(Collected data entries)
################

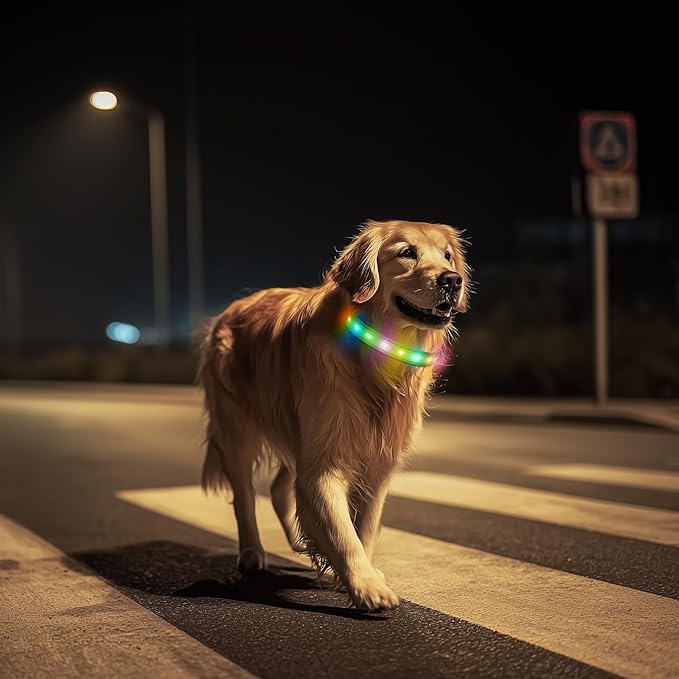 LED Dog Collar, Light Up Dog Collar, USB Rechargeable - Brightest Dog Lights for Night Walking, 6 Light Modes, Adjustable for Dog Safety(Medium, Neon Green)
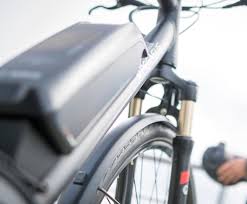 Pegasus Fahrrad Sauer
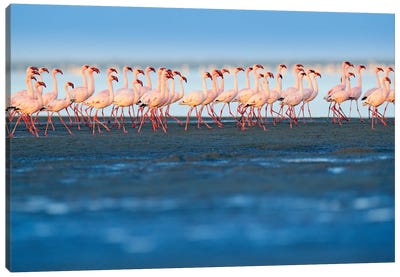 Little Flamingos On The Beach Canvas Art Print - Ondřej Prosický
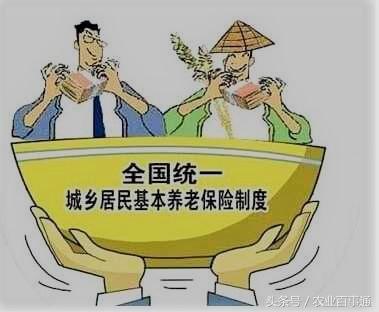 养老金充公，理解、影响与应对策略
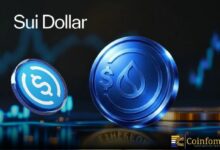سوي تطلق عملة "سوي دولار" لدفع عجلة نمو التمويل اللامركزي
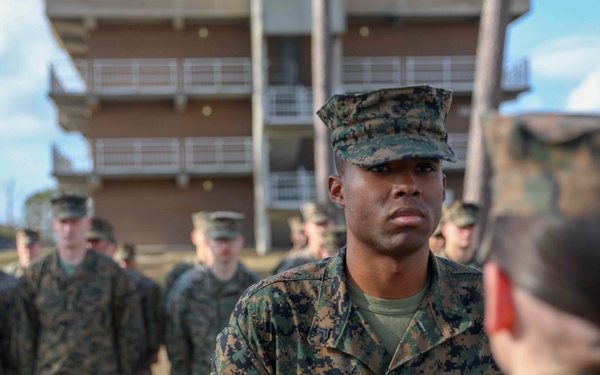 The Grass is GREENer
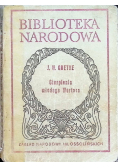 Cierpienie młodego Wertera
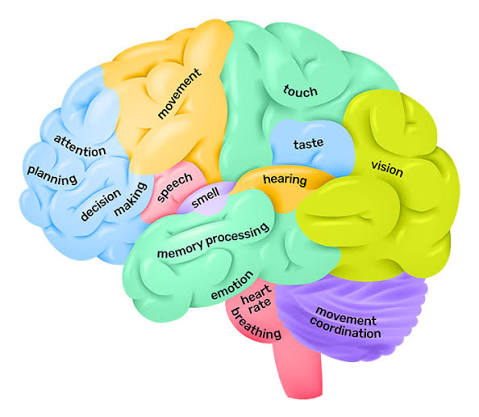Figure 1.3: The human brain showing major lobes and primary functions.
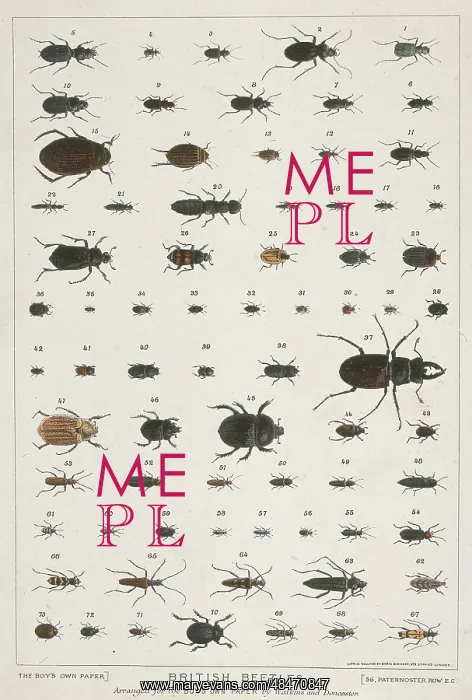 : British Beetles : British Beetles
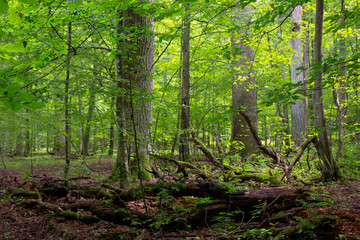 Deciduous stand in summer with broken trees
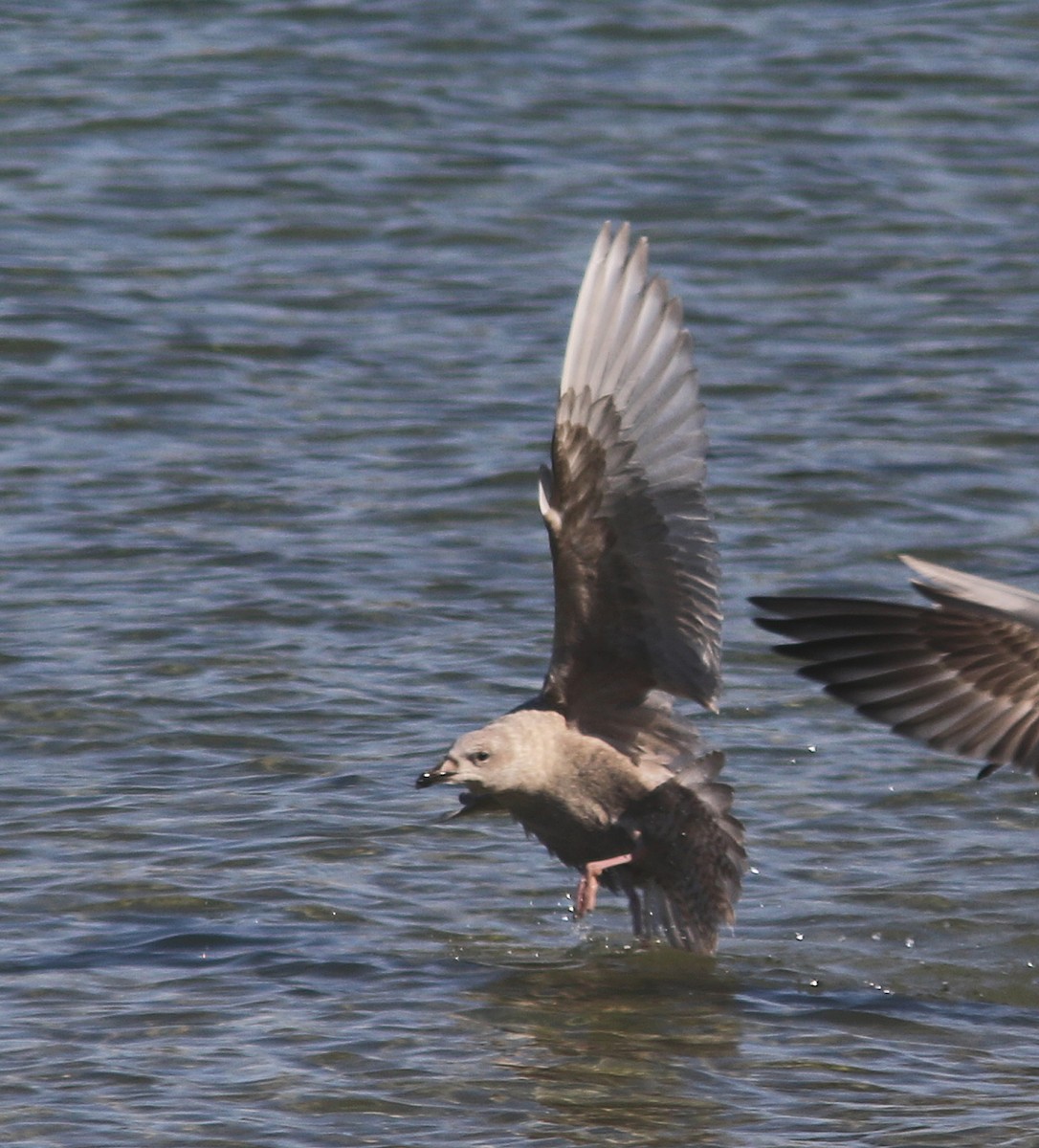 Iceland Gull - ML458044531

################

(WHAT IS REQUIRED)
Would it be possible to print the records above verbatim, pictures omitted?

(EXERCISE OUTPUT)
 LED Dog Collar, Light Up Dog Collar, USB Rechargeable - Brightest Dog Lights for Night Walking, 6 Light Modes, Adjustable for Dog Safety(Medium, Neon Green)
 Pegasus Fahrrad Sauer
 Little Flamingos On The Beach Canvas Art Print - Ondřej Prosický
 养老金充公，理解、影响与应对策略
سوي تطلق عملة "سوي دولار" لدفع عجلة نمو التمويل اللامركزي
 The Grass is GREENer
 Cierpienie młodego Wertera
Figure 1.3: The human brain showing major lobes and primary functions.
 : British Beetles : British Beetles
 Deciduous stand in summer with broken trees
 Iceland Gull - ML458044531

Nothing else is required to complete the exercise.